How to understand "cmpl $0x0, -0x30(%rbp)" / "je ..."

Question

This is the assembly code from my bomb lap question, I am stuck in phase2; The bomb lab require us to find out the correct input based on assembly code or it will exploded.

From <+20> I know that %rbp -0x30(48) == 0 or it will call <+32> and explode the bomb; so %rbp = 48(DEC)

After that(+26) %rbp - 0x2c(44) must equal 1 or it will explode the bomb... But since %rbp = 48, the bomb will explode anywhere so I am confuse now...

I think I misunderstand the compl , je/jne or how to calculate these things...

Answer 1

You don't need to know value of rbp to defuse the bomb, it's used always in relative way to address certain portion of memory. It's set at the start by the sequence:

    pushq   %rbp
    movq    %rsp, %rbp
    pushq   %r12
    pushq   %rbx
    subq    $0x20, %rsp

Which does push old rbp value into stack (to preserve it), then sets rbp to current stack pointer value (rsp). So (%rbp) contains the old rbp now. Then another two registers r12 and rbx are preserved by pushing them into stack (which makes now rsp == rbp - 16). And then rsp is adjusted one more time by subtracting 32, i.e. rsp == rbp - 48.

This is common pattern how to allocate memory space for local variables, i.e. any further push instruction will use memory below rbp - 48. Memory from rbp - 48 up to rbp - 17 (inc.) is undefined, free to use as "local variables" memory. Then at rbp - 16 is stored in 8 bytes original rbx value, at rbp - 8 is stored original r12 value, and at rbp is stored old rbp. (I mean all the "rbp - x" to be used as memory addresses to address values in the memory)

Then your code calls input 6 numbers, which I guess means 32 bit integers (judging by the following code), so it provides it with address rbp - 48. 6*4 = 24 => the inputted values will be stored in memory from address rbp - 48 up to (incl.) rbp - 25.

Note the gap of "unused memory" from rbp - 24 up to rbp - 17, that's another 8 bytes of spare local storage, not used by the code you posted, that's very likely padding added by compiler to make the rsp correctly aligned before callq read_six_numbers.

So basically you don't need to know where exactly rsp/rbp points to, it's pointing to some valid stack memory (either that, or the code will crash, and the bomb will NOT explode ... a bit weird design :)))). You can pick any arbitrary value, like 0x8000 for rsp at start, and simulate the run with that. (i.e. the <+11> leaq -0x30,(%rbp), %rsi is then rsi = 0x7FC8; (0x8000 - 8 - 0x30).

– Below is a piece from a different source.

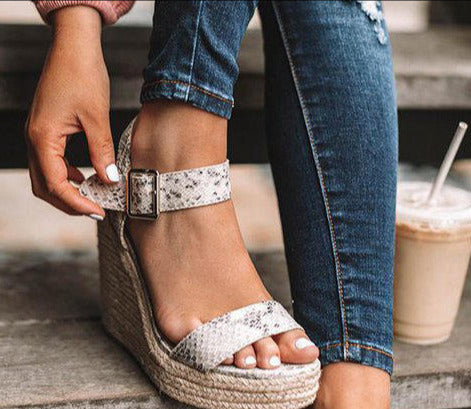 Women Orthopedic Wedge Heels Arch Support Comfortable - Image 3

Rest of what -x(%rbp) means in various instructions (pay attention to the lea vs <any other instruction> semantics difference of "memory operand" usage, the lea does only the memory address calculation, while other instructions just start by that, using the calculated address to access actual value stored in memory) is described in the other answer + comment. Plus use the x86 instruction reference guide and read through some tutorials few more times, until it will make sense.

Answer 2

-0x30(%ebp) doesn't mean to use the value %ebp - 0x30. It's a memory address to read from. The instruction (cmpl) has an l suffix, so it's dealing with a 4 byte quantity. So what's actually happening is that it reads a 4 byte number from the address %ebp - 0x30 and checks whether it's zero.

(The $ prefix means it's an immediate value, not an address. This is why 0x0 is taken literally and not dereferenced.)